Massimo Sideri, Corriere della Sera 23/11/2012, 23 novembre 2012
IL VENTENNE E LA BEFFA DELLA APP
Corsi e ricorsi della storia (digitale). La vicenda di Andrea Giarrizzo, ventenne siciliano, può essere riassunta quasi in un tweet. Domenica Andrea vince la Samsung App Challenge 2012. La sua applicazione, Youtube downloader, supera un milione di utenti. Lunedì, presumibilmente, incassa l’assegno da 100 mila dollari di premio. Martedì: la sua storia finisce a Ballarò.
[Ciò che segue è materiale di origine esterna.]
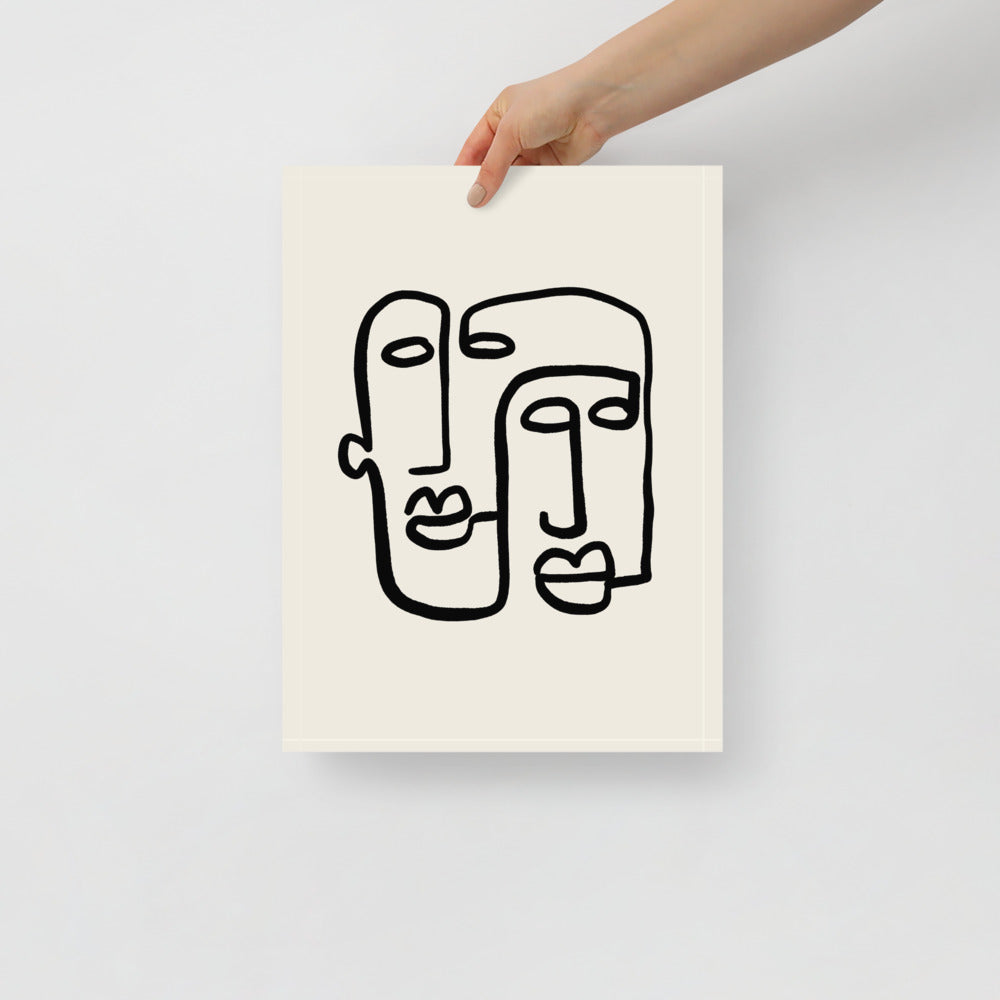 Abstract 2 Faces Wall Art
Mercoledì: emergono i primi dubbi. «Ma è legale?» come direbbe Cetto La Qualunque. Ieri la sentenza: non è legale. App bloccata come, forse, anche i 100 mila dollari. Per contratto con la stessa YouTube, fare il cosiddetto «ripping» dei video — cioè scaricarli su smartphone e tablet così come permetteva il software di Giarrizzo — non è possibile. «Su Youtube — sintetizza Gabriel Cuonzo, dello studio Trevisan&Cuonzo specializzato in copyright — si possono vedere i video, condividerli, mandare i link, ma non si può estrarre il contenuto. Non solo per la violazione del principio generale contenuto in effetti nel regolamento, ma anche a tutela del diritto d’autore. Nella sostanza la società così si protegge anche da eventuali cause». Decisione corretta insomma. Anche se la vicenda rimane bizzarra per almeno tre ragioni. 1) Youtube Downloader è stata premiata da Samsung diventando l’app più scaricata dell’Android Store di Google, stessa società che controlla Youtube. 2) Ce ne sono altre di applicazioni che permettono la stessa manovra illegale. Secondo diversi utenti anche migliori di quella di Giarrizzo. E ci avviciniamo così al dunque. È forse un problema di ipocrisia? Non rispettare le regole va bene fino a quando non si diventa troppo grandi e visibili, magari iniziando a incassare qualcosa? A voler fare il Dottor Sottile — e questo è il punto 3) — buona parte di YouTube è nata «illegale» con utenti che caricavano filmati televisivi senza averne i diritti. La società ha sempre detto di essere una piattaforma e di voler difendere la libertà del web. Poi è arrivato il grande business, gli accordi, i software per la condivisione dei ricavi con i titolari dei diritti, le regole con il Digital Millenium Act ai tempi di Bill Clinton. Ed è stato giusto così: la battaglia tra piattaforme e copyright (non ancora terminata) ha raggiunto un suo equilibrio. Però la storia ci insegna che senza un enorme grado di disattenzione e un certo spirito da «pirati» questi business non sarebbero cresciuti così velocemente.